Apropos Zeichen: Einige davon hat der Blankensteiner Maler, Bildhauer und Glaskünstler in seiner Heimatstadt platziert. Den Blanken Stein auf dem Marktplatz vor dem Museum natürlich, die Ausmalung der katholischen Kirche St. Johann im Stadtteil, die Theresia-Albers-Steele in Bredenscheid, das Portal der Kirche Heilig Geist.
Der Blankensteiner ist in Hattingen präsent. Und findet das gut. „Blankensteiner durch und durch zu sein und dennoch wach und interessiert für den Blick darüber hinaus, ist kein Gegensatz“, sagt Egon Stratmann. Das müssten auch Alt-Blankensteiner zur Kenntnis nehmen: „Wir werden immer weniger. Und: Die alte Gemütlichkeit mit sieben Gaststätten plus Café, sie ist vorbei.“ Neues Leben ziehe ein. Und die Blankensteiner sollten glücklich darüber sein, auch wenn der Ortskern manchmal aussieht wie ein riesengroßer Parkplatz. „Gut, dass der Marktplatz mit dem Stadtmuseum und der Burghof noch Ruhezonen sind“, macht der Künstler seinen Blankensteinern Mut.
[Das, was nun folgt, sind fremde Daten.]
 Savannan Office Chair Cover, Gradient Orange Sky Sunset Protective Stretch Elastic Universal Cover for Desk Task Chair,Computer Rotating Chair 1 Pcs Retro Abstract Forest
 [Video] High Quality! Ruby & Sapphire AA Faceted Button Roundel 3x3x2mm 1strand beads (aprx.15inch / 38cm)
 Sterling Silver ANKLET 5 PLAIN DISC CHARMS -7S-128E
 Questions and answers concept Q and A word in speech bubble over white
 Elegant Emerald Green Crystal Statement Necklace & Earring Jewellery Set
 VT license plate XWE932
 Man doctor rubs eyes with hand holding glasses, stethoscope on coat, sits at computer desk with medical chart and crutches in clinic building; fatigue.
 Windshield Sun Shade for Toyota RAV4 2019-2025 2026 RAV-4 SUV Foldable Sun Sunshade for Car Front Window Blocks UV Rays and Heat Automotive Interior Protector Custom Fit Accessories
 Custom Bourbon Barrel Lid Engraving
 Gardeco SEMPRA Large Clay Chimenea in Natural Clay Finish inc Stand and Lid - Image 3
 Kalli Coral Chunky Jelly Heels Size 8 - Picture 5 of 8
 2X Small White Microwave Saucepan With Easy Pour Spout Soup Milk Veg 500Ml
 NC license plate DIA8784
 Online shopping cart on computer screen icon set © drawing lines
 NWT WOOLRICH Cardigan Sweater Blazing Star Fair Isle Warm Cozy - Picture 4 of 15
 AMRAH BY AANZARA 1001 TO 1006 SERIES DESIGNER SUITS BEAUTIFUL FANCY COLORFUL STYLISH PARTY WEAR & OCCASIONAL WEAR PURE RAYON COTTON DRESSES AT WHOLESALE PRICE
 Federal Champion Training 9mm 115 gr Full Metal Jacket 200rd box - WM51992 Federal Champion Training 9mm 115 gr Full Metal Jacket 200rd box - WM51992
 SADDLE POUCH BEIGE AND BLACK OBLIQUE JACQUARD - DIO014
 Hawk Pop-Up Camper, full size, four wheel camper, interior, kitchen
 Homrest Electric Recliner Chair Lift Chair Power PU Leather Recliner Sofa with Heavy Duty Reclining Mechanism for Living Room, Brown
Bürgergesellschaft und Heimatverein lobt Egon Stratmann für ihre historische Arbeit ausdrücklich. Es gehe aber auch um das Zusammenwachsen mit den Neubürgern und jungen Menschen. Das Stadtmuseum, die beiden Kirchen, die Burg – das Blankensteiner Ensemble sei einmalig, findet Stratmann. Was ihn noch mehr freut: dass die Kirchen inzwischen Hochzeitskirchen sind. „Das ist unsere Zukunft.“
Glasfenster aus Blankenstein sind plötzlich weltpolitisch aktuell
In der vergangenen Woche erst hat Egon Stratmann die Auftragsarbeit erledigt, verpackt und an den Bestimmungsort am Niederrhein verschickt: zwei Fenster für eine denkmalgeschützte Kirche. Fürs Pfingstfenster hat sich die Gemeinde einen Hinweis auf das Sprachenwunder gewünscht – erkennbar durch den Ausruf „Ohne Angst“, geschrieben in vielen Sprachen. Und genau an dieser Stelle bekommt die Arbeit von Egon Stratmann jetzt plötzlich einen aktuellen Bezug zum Weltgeschehen.
Denn „Ohne Angst“ hat der Blankensteiner auf dem Fenster auch in hebräischer und arabischer Sprache eingearbeitet – direkt untereinander. Gestaltet lange vor dem Ausbruch des aktuellen Gaza-Krieges, wirkt das Fenster jetzt umso mehr wie ein Fanal für den Frieden.
Für Egon Stratmann sind die Fenster nicht die erste künstlerische Berührung mit dem Krieg. Noch heute hat er Kontakt zu einer Enkelin der jüdischen Familie Blume, die einst in Blankenstein wohnte und dann von den Nazis verfolgt wurde. Die Mutter wurde ermordet, die Kinder flohen nach Südamerika.
Nach der Zwangsarbeiter-Ausstellung 2003 im Stadtmuseum in Blankenstein brachte Stratmann die Verlegung von „Stolpersteinen“ auch in Hattingen auf den Weg. Er stellte den Kontakt zum Kölner Künstler Gunter Demnig her.